Erhöhte Geldbußen bei Nichteinhaltung, Missbrauch und Fehlanwendung
Mit Geldbußen von bis zu 20 Mio. € oder von bis zu 4% des jährlichen Umsatzes können es kleine und mittelständische Unternehmen (KMUs) nicht riskieren, grobe Fehler zu begehen. Daher ist der verantwortungsbewusste Umgang mit Kundendaten wichtiger denn je. Unternehmen, die sich auf Softwarelösungen von Drittanbietern verlassen, müssen sichergehen, dass eine korrekte Handhabung mit ihren Kundendaten vonstatten geht. Datenverschlüsselung ist ein Muss und Datenzugänge müssen strikten Regeln unterliegen.
Obwohl nur noch einige Monate bis zum Inkrafttreten der DSGVO, herrschte bis kürzlich besorgniserregendes Schweigen über die weitreichenden Maßnahmen und die offiziellen Verpflichtung zu den Regulierungen. So hat Facebook erst am 29.01.2018 Stellungnahme zum Inkrafttreten der DSGVO bezogen. Doch die brennende Frage, wie in Zukunft mit dem Facebook-Pixel umgegangen wird, wurde mit dem veröffentlichten Statement noch nicht beantwortet. Etwas Zeit bleibt ja noch.
Cloud Lösungen im Vorteil
Für Ecommerce Unternehmen, die in einer Cloud arbeiten, ist die Umstellung zur Konformität der DSGVO wesentlich einfacher. Sie haben größtenteils die nötigen Ressourcen, die Kriterien der Verordnung vollständig zu erfüllen.
So zum Beispiel Unternehmen wie Shopify, die seit Bekanntmachung der neuen Verordnung vor einem Jahr an einer Lösung arbeiten. Hier könnt ihr nachlesen welche Vorbereitungen Shopify bereits getroffen hat und wie die zukünftige Vorgehensweise der Shopify Händler aussehen wird.
Für Shopify Plus Nutzer liegt bereits ein Template zum Abkommen der Datenverarbeitung vor (kontaktiert bitte eure Merchant Success Manager für nähere Informationen dazu), alle anderen müssen sich noch etwas gedulden.
Unternehmen, die sich auf hausinterne Server und kundenspezifische Softwares verlassen, sehen sich vor die Aufgabe gestellt, ein Team für die Durchführung von Sicherheitsprüfungen zusammenstellen zu müssen.
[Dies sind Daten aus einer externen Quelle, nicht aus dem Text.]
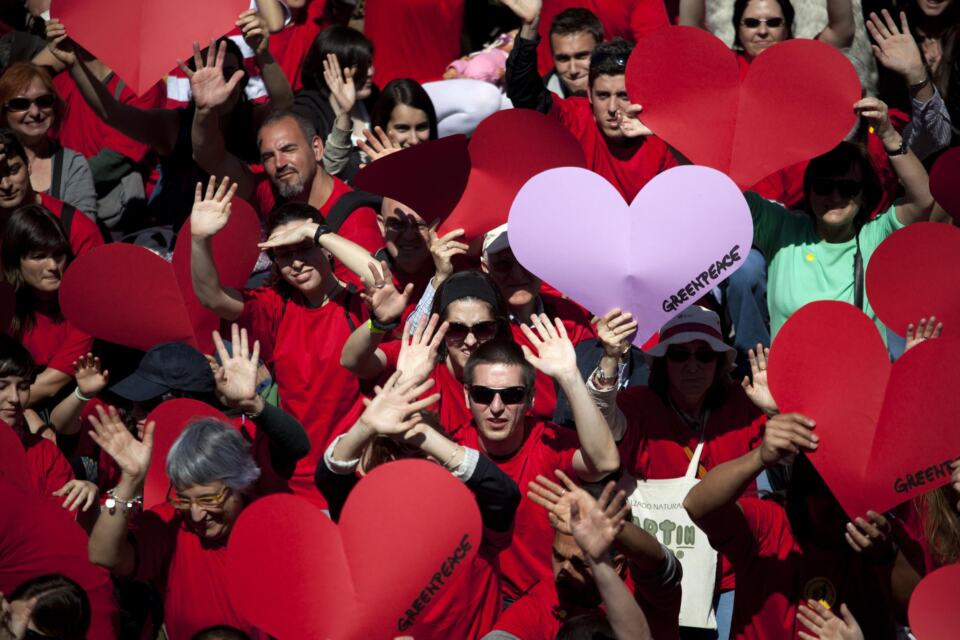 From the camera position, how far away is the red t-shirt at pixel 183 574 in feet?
16.7

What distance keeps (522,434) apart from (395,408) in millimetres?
557

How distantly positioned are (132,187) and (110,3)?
1.20 meters

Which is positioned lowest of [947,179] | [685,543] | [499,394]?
[685,543]

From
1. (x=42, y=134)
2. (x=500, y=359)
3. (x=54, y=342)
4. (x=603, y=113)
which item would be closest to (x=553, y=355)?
(x=500, y=359)

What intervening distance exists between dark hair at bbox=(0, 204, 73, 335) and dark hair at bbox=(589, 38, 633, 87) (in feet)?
8.16

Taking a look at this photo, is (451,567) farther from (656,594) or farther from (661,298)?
(661,298)

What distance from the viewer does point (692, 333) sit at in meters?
5.84

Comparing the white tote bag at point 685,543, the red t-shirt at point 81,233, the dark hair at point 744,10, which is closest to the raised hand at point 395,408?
the white tote bag at point 685,543

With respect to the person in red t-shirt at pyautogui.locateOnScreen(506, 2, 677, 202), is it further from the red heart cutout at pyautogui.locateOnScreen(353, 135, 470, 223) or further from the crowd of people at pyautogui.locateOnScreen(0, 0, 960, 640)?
the red heart cutout at pyautogui.locateOnScreen(353, 135, 470, 223)

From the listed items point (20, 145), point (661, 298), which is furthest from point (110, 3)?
point (661, 298)

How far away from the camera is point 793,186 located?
7.35 m

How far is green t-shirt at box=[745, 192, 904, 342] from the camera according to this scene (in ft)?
21.5

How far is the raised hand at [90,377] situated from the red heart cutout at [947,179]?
3420 millimetres

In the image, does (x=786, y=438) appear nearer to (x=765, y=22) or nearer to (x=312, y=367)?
(x=312, y=367) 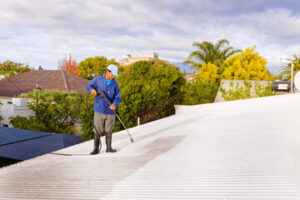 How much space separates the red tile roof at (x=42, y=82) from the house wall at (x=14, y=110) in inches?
451

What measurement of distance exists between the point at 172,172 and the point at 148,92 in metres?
7.72

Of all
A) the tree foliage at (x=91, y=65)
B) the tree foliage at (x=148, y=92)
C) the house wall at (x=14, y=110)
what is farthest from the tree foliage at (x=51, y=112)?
the tree foliage at (x=91, y=65)

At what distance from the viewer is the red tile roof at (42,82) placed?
1075 inches

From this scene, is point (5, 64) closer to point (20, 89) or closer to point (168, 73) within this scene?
point (20, 89)

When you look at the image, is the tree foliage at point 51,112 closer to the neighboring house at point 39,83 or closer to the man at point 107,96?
the neighboring house at point 39,83

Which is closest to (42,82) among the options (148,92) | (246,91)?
(246,91)

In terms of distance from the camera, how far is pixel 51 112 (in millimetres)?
16078

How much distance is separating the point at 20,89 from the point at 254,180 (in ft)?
92.0

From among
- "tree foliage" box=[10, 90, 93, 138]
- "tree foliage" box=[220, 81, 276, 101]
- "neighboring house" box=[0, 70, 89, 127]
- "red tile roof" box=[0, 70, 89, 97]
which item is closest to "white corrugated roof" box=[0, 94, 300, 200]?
"tree foliage" box=[10, 90, 93, 138]

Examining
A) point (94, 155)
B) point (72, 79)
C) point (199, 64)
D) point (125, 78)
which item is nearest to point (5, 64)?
point (72, 79)

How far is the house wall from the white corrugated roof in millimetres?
11272

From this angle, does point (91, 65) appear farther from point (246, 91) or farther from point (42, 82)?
point (246, 91)

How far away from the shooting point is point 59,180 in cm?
326

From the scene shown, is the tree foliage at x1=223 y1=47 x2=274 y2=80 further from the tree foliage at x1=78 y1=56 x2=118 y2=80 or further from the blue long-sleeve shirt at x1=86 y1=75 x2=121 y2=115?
the tree foliage at x1=78 y1=56 x2=118 y2=80
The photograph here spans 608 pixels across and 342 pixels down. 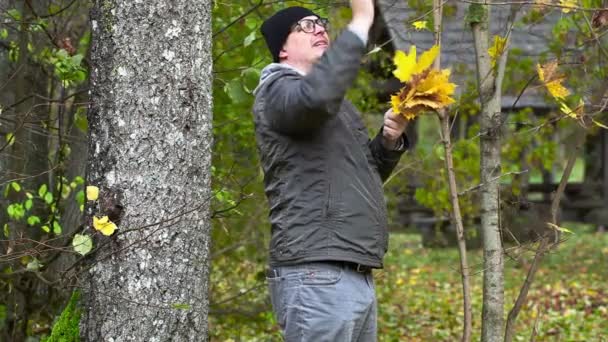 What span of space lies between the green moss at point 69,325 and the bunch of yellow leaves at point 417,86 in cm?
151

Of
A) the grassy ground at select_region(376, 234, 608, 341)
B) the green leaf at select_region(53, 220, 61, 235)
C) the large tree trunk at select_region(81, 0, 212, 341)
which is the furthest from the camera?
the grassy ground at select_region(376, 234, 608, 341)

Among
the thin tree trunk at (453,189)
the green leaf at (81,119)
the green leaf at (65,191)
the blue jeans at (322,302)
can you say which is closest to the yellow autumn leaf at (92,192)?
the blue jeans at (322,302)

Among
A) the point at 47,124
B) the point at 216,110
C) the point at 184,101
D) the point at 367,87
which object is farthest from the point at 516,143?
the point at 184,101

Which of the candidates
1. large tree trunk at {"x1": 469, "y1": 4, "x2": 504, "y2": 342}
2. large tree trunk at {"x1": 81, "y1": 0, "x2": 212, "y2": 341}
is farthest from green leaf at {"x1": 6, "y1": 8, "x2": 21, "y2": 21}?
large tree trunk at {"x1": 469, "y1": 4, "x2": 504, "y2": 342}

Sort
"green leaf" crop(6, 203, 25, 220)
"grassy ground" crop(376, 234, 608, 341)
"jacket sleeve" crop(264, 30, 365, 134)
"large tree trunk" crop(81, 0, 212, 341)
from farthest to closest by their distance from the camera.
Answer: "grassy ground" crop(376, 234, 608, 341)
"green leaf" crop(6, 203, 25, 220)
"large tree trunk" crop(81, 0, 212, 341)
"jacket sleeve" crop(264, 30, 365, 134)

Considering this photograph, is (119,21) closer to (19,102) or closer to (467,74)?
(19,102)

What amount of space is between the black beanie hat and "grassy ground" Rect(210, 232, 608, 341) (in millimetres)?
1763

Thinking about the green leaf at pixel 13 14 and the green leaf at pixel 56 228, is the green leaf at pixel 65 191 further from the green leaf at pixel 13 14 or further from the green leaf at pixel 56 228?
the green leaf at pixel 13 14

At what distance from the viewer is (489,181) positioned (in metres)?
4.52

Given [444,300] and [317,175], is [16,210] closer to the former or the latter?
[317,175]

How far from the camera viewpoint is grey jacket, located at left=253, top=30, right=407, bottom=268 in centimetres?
302

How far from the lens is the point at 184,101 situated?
3623mm

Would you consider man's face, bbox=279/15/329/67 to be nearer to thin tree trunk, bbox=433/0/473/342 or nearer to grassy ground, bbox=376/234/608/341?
thin tree trunk, bbox=433/0/473/342

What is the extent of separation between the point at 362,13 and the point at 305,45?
29 cm
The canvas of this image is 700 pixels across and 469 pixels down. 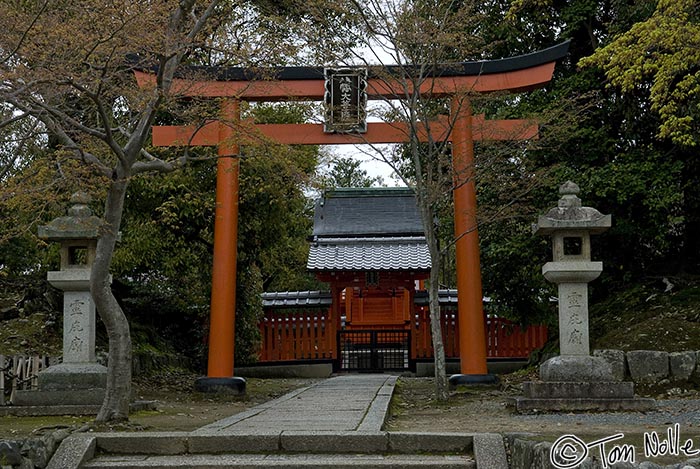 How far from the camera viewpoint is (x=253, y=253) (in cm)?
1572

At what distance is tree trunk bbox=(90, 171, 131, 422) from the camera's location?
298 inches

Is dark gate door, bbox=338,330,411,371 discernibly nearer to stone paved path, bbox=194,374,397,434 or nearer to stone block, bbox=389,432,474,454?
stone paved path, bbox=194,374,397,434

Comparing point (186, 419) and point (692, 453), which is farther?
point (186, 419)

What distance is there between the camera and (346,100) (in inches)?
468

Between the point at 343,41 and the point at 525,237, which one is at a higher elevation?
the point at 343,41

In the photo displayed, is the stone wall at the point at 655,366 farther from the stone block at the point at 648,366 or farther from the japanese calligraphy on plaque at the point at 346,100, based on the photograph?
the japanese calligraphy on plaque at the point at 346,100

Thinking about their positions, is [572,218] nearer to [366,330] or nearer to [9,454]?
[9,454]

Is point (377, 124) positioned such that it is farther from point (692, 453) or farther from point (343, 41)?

Dieses Team muss mögliche Schwachstellen in den Systemen testen und auch entsprechende sicherheitstechnische Maßnahmen für die Gewährleistung des nötigen Datenschutzes treffen.
Fazit
In einigen Monaten ist es soweit und die EU-Datenschutzverordnung tritt in Kraft. Hinter den Kulissen vieler Unternehmen brodelt es nur so mit vorbereitenden Maßnahmen, sodass der gewöhnliche Geschäftsfluss “as usual” bestehen bleiben kann. Triff auch du die nötigen Maßnahmen für einen sicheren Umgang mit Kundendaten. Deine Kunden werden es dir danken.
Auch dieser Artikel zeigt, konkrete Handlungsempfehlungen sind noch rar. Das liegt vor allem daran, dass sich die verantwortlichen Arbeitsgruppen der Industrie und des Gesetzgebers noch nicht auf konkrete Auslegungen geeinigt haben. Wir empfehlen im Zweifel die Rücksprache mit Rechtsanbietern wie Protected Shops, dem Händlerbund, IT-Rechtskanzlei, etc.